Desktop Gui
WarnAudited by ClawScan on May 10, 2026.
Overview
This is a coherent desktop automation skill, but it can upload full-screen screenshots to a remote AI service and execute that service’s click instructions on your real desktop without clear per-action approval.
Install only if you are comfortable with powerful desktop-wide automation. Use it first in a VM or test account, keep failsafe and pauses enabled, avoid sensitive screens, verify the model endpoint, require confirmation before actions, and do not send screenshots or API tokens over untrusted HTTP connections.
Findings (4)
Artifact-based informational review of SKILL.md, metadata, install specs, static scan signals, and capability signals.

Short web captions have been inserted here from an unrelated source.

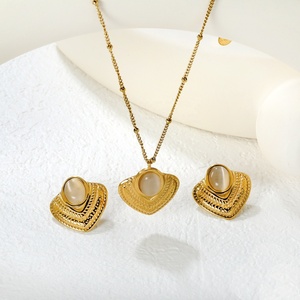 Juego de Collar y Aretes de Acero Inoxidable con Baño de Oro de 18K, Diseño Geométrico Texturizado, Joyería Clásica con Corazón de Ópalo para Mujer - Product Image 4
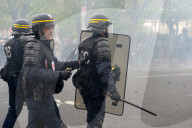 NEWS - Paris: Massive Auseinandersetzungen bei Demo gegen Arbeitsrechtsreform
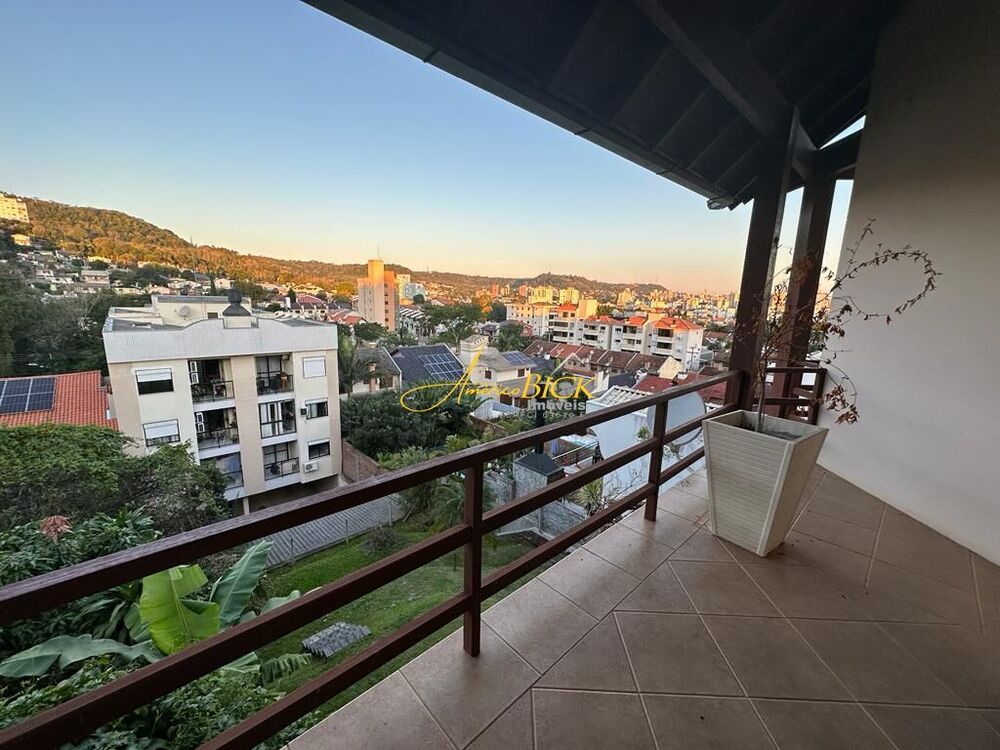 Casa à venda com 2 quartos, 163m² - Foto 4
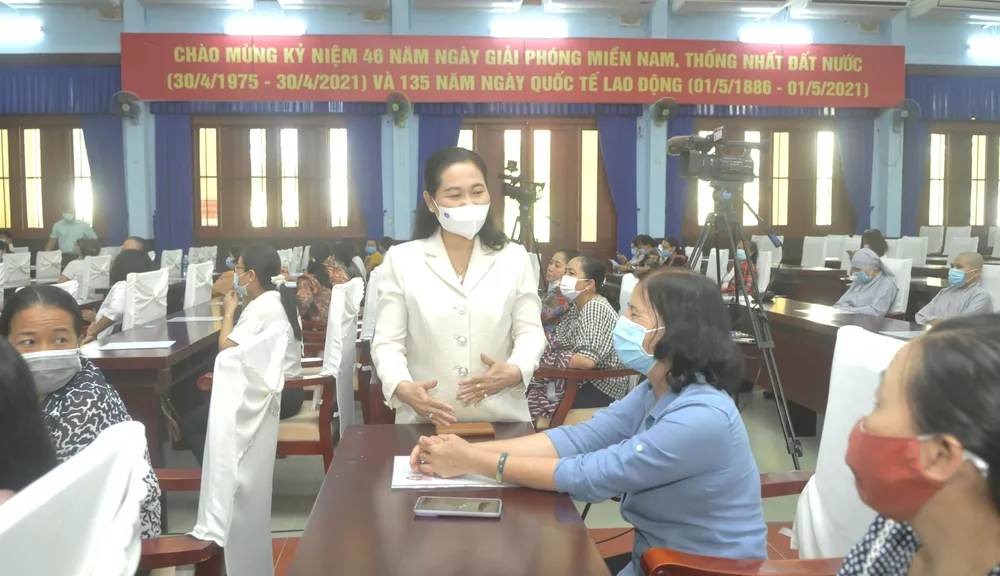 Chủ tịch HĐND TPHCM Nguyễn Thị Lệ tiếp xúc cử tri nữ và cán bộ, chiến sĩ Sư đoàn 9 ảnh 2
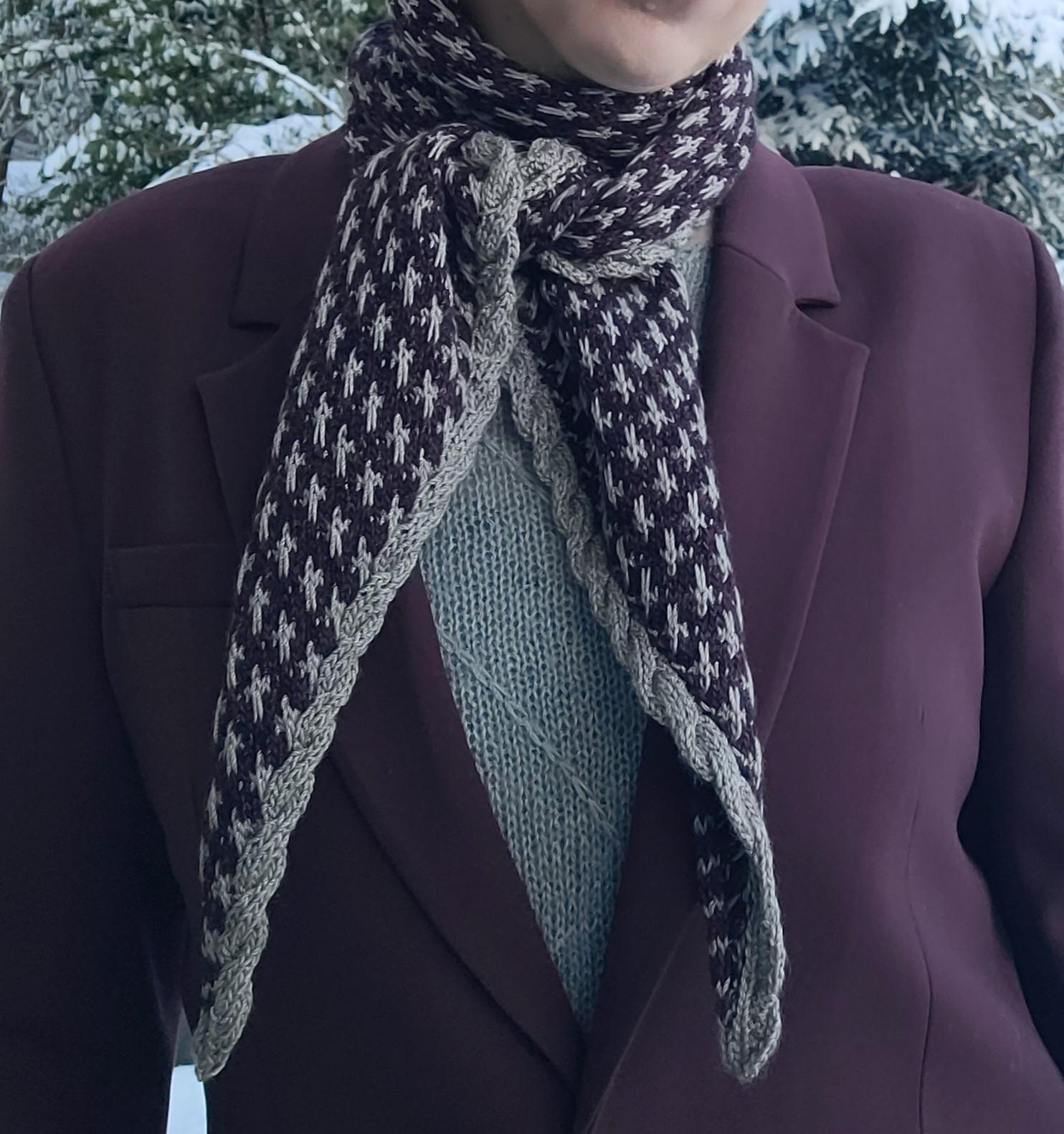 Navigate Scarf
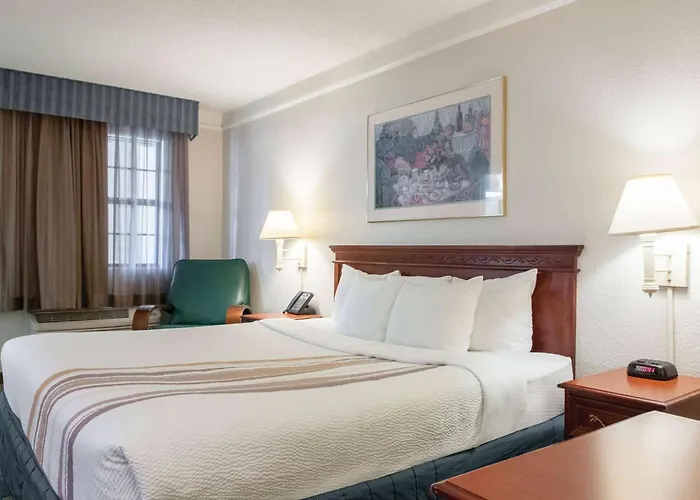 La Quinta Inn By Wyndham New Orleans Veterans / Metairie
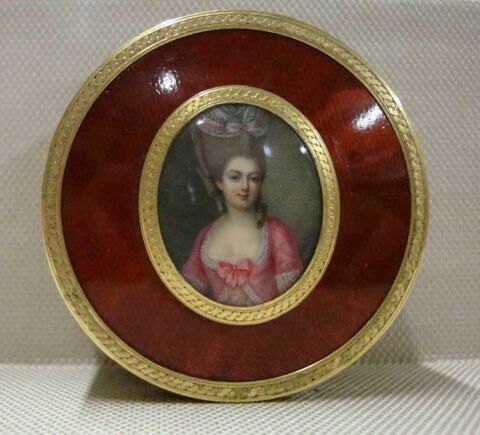 Bonbonnière : couvercle avec miniature à portrait de dame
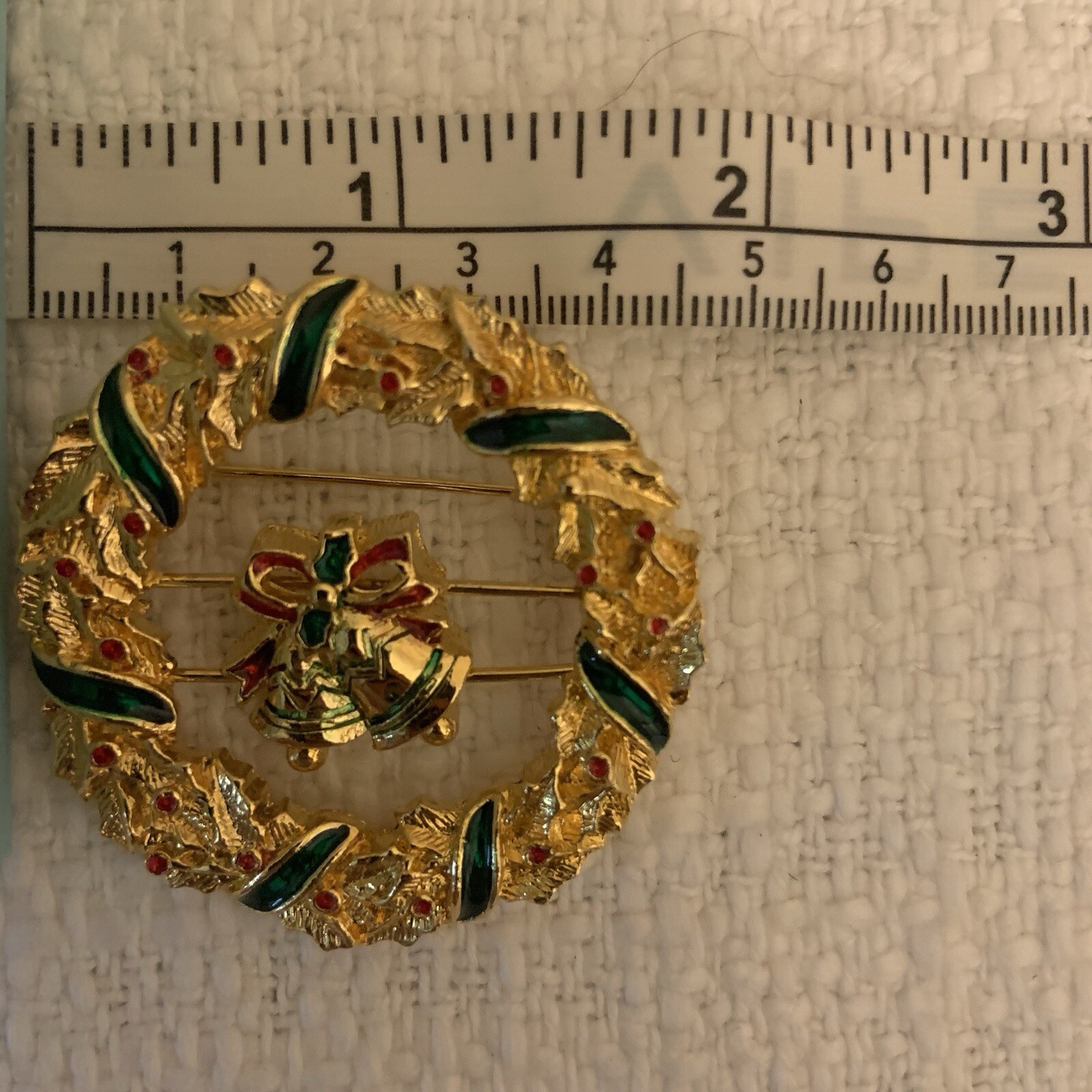 Christmas Wreath Gold Tone Pin Brooch 1995 BG Signed Vintage Enamel Bell Slider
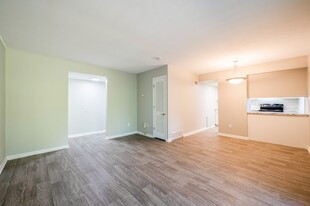 The Life at Edgewater Landing Apartments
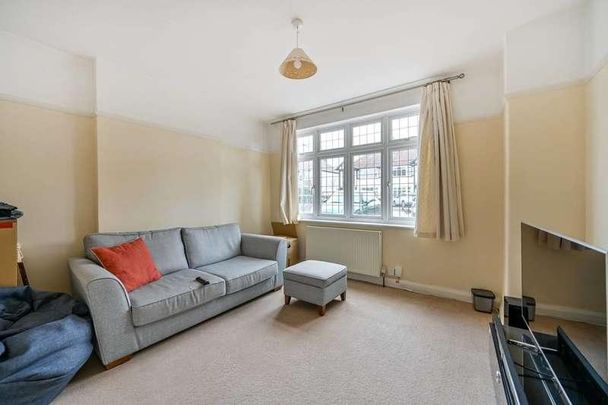 Kenilworth Road, Stoneleigh, KT17 - Photo 1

ClawScan does not execute the skill or run runtime probes.
A mistaken or manipulated model response could click, type, submit forms, close windows, or change real account/business data in whatever application is visible.
The skill instructs the agent to execute model-produced GUI actions with xdotool on the live desktop.
截图 (scrot) → Qwen3.5-27b 分析 → 返回坐标/操作 → xdotool 执行 ... if data['action'] == 'click': ... subprocess.run(['xdotool', 'click', '1'])
Use only in a VM or isolated desktop, restrict automation to a chosen window/app, and require explicit user confirmation before clicks, typing, submissions, or window-closing actions.
Anything visible on the desktop, including private messages, documents, secrets, or account pages, could be sent to that model service.
The visual mode captures a full screenshot, base64-encodes it, and sends it to a model endpoint over HTTP with no stated data minimization, retention, or trust boundary.
subprocess.run(['scrot', '/tmp/screen.png']) ... requests.post("http://10.6.207.56:8000/v1/chat/completions", ... "image_url": {"url": f"data:image/png;base64,{img_b64}"})Do not use this mode on sensitive screens unless you fully trust the endpoint; prefer HTTPS, crop screenshots to the minimum region, and add explicit user approval before each upload.
A model API token may be mishandled or exposed on the network, and users may not realize a credential is needed for the recommended mode.
The example uses a bearer credential for the model endpoint, and it is shown being sent to an HTTP URL while the registry declares no required credential or environment variable.
requests.post("http://10.6.207.56:8000/v1/chat/completions", headers={"Authorization": "Bearer VLLM_API_KEY"}, ...)Declare the required credential clearly, store it in a scoped environment variable or secret manager, use HTTPS or a trusted local endpoint, and avoid sending bearer tokens over plain HTTP.
Installing these dependencies changes the local system and trusts upstream package sources.
The setup relies on live package repositories and privileged system package installation; this is purpose-aligned for GUI automation but still affects the local environment.
pip3 install pyautogui pygetwindow pymsgbox opencv-python-headless pillow pytesseract ... sudo apt-get install -y xdotool scrot tesseract-ocr ...
Install from trusted repositories, consider pinning Python package versions, and review the packages before using the skill on an important workstation.